--- GIVEN DATA Enclosed Below ---
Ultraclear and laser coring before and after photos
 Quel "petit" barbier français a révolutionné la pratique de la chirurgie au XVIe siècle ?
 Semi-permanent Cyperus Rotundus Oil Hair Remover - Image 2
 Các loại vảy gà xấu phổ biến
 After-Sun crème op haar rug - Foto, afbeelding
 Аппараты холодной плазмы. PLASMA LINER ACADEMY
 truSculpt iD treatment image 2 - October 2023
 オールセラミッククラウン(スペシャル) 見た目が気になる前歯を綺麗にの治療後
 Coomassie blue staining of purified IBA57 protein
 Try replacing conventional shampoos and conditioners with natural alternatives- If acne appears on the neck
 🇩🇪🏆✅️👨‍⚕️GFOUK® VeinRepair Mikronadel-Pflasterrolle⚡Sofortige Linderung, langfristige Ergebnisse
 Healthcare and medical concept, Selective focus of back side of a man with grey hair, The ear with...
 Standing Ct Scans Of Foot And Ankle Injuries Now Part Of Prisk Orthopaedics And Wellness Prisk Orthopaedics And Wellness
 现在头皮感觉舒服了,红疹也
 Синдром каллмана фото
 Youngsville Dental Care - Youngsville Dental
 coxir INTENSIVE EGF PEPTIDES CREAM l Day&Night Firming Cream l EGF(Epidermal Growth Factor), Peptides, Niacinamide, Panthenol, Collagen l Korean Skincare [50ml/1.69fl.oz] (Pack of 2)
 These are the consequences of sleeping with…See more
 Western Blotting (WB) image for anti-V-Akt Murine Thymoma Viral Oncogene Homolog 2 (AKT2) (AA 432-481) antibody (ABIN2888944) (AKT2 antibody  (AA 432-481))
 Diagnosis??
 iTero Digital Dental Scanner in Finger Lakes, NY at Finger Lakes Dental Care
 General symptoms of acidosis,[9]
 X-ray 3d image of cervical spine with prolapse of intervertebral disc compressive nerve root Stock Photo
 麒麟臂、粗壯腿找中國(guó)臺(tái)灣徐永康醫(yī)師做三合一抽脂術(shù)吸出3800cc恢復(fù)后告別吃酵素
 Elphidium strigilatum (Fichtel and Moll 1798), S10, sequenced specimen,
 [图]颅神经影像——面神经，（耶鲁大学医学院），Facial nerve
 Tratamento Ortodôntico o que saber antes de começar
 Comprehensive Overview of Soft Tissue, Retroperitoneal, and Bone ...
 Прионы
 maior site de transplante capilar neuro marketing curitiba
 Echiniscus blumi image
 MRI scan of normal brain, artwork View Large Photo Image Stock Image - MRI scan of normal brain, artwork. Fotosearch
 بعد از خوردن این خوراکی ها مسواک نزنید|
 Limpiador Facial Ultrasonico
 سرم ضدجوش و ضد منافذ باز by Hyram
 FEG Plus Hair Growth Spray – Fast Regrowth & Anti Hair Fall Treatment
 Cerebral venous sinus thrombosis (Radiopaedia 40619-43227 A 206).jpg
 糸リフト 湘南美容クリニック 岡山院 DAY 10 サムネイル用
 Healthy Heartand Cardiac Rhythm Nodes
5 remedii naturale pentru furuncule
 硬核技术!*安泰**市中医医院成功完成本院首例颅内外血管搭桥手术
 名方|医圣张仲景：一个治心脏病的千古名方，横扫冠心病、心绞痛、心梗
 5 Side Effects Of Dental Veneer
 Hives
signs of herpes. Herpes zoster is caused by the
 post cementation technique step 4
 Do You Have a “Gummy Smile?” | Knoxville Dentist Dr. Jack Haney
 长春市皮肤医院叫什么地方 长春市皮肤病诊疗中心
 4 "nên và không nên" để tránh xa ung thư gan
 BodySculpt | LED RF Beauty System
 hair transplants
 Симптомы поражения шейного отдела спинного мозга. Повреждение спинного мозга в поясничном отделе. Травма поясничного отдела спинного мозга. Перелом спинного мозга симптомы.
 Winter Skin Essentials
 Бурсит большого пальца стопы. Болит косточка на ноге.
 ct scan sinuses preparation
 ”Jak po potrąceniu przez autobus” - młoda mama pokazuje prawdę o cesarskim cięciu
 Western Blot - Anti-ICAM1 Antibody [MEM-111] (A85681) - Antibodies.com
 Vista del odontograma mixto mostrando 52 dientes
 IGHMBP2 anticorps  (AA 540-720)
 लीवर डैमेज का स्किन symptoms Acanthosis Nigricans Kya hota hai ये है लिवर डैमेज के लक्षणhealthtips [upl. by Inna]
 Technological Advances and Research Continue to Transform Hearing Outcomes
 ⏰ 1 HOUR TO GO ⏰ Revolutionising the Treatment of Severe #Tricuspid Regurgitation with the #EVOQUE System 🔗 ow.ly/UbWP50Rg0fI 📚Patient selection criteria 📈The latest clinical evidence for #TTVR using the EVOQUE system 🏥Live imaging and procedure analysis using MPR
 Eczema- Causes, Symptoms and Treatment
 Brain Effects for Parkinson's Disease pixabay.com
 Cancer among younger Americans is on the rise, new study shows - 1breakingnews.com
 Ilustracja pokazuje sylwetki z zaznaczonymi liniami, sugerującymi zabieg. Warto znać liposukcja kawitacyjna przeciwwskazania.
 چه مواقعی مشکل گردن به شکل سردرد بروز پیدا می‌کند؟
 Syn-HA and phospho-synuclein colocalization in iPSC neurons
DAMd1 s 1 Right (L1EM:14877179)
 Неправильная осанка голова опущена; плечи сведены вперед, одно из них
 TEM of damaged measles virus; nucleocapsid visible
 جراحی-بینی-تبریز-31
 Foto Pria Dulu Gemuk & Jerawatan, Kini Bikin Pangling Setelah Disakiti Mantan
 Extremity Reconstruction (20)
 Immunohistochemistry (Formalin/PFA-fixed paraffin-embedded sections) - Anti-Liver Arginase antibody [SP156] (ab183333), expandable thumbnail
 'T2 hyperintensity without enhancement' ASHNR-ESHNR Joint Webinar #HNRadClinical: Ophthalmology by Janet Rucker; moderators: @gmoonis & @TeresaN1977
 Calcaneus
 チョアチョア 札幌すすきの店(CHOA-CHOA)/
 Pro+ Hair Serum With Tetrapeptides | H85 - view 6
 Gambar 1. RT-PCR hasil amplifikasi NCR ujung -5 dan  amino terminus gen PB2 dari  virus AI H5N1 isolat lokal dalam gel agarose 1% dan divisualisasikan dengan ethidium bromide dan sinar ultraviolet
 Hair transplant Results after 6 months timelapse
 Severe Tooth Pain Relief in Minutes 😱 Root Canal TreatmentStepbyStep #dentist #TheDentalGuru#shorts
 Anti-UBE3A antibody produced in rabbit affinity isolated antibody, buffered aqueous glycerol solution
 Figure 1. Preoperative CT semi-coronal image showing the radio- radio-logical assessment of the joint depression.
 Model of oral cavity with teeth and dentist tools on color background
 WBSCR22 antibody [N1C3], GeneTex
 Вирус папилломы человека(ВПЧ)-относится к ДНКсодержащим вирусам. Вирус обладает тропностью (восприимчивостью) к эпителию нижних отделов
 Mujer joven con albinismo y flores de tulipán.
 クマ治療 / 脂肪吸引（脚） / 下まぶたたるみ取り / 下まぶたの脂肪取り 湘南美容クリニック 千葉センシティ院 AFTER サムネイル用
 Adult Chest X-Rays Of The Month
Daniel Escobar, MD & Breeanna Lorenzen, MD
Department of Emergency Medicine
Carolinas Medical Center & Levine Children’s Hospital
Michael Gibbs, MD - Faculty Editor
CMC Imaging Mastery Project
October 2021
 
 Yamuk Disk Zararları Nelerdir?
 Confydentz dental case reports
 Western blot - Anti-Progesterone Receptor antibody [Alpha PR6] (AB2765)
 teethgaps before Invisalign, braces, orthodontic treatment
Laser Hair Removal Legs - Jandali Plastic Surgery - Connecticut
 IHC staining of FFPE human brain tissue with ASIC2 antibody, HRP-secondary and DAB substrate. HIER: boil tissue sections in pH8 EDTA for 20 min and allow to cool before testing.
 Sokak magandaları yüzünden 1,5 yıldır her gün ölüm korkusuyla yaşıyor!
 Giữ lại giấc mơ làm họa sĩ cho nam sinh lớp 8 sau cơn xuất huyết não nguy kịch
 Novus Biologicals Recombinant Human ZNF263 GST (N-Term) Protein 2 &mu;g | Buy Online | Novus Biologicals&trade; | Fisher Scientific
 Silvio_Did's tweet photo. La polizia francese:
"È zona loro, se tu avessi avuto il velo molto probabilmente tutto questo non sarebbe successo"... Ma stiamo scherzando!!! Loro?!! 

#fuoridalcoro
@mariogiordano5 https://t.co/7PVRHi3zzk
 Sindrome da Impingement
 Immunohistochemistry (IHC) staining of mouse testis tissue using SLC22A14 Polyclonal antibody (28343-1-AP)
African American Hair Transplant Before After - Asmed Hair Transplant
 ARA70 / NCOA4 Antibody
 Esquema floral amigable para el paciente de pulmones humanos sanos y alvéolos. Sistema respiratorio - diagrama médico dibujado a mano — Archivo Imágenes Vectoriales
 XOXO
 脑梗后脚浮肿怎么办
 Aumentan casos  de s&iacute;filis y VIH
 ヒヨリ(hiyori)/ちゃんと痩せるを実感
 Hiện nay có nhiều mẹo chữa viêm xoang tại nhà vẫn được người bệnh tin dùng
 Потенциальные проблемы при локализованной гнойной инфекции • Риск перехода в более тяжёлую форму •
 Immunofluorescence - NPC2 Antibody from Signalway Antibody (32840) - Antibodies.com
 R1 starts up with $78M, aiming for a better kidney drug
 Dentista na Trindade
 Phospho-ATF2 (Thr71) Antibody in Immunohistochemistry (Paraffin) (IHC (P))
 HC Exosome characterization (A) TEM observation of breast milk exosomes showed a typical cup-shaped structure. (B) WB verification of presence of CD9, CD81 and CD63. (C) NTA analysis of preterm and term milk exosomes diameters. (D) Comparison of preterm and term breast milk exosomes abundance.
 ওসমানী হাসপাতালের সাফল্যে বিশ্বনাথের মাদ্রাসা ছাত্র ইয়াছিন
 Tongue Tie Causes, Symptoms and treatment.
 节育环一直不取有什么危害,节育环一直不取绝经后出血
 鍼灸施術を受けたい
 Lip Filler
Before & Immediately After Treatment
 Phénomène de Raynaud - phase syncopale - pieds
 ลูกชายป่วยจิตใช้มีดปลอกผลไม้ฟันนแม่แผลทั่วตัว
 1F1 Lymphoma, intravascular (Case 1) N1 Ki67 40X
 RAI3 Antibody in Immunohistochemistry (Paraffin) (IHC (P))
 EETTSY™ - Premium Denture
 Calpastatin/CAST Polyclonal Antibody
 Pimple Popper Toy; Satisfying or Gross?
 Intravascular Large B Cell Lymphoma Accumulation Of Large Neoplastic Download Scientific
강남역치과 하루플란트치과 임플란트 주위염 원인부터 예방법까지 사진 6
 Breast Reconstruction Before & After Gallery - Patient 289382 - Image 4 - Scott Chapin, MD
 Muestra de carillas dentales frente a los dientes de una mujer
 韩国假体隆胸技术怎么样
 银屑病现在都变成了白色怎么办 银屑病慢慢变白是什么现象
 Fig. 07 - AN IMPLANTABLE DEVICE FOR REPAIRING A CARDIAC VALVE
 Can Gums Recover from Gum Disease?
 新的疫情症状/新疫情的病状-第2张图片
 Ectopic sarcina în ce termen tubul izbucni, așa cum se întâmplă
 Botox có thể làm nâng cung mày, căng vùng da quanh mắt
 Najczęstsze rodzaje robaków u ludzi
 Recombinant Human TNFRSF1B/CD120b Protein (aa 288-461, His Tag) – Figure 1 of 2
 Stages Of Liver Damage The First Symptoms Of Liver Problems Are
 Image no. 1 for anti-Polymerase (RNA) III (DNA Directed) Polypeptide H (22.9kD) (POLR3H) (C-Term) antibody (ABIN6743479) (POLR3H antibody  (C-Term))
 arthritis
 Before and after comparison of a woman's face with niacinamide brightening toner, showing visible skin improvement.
--- End of Enclosed GIVEN DATA ---
ACTION ITEM: Repeat exactly the lines of the listing from its first line through the line that holds "After-Sun crème op". Nothing else should appear.

RESULT:
Ultraclear and laser coring before and after photos
 Quel "petit" barbier français a révolutionné la pratique de la chirurgie au XVIe siècle ?
 Semi-permanent Cyperus Rotundus Oil Hair Remover - Image 2
 Các loại vảy gà xấu phổ biến
 After-Sun crème op haar rug - Foto, afbeelding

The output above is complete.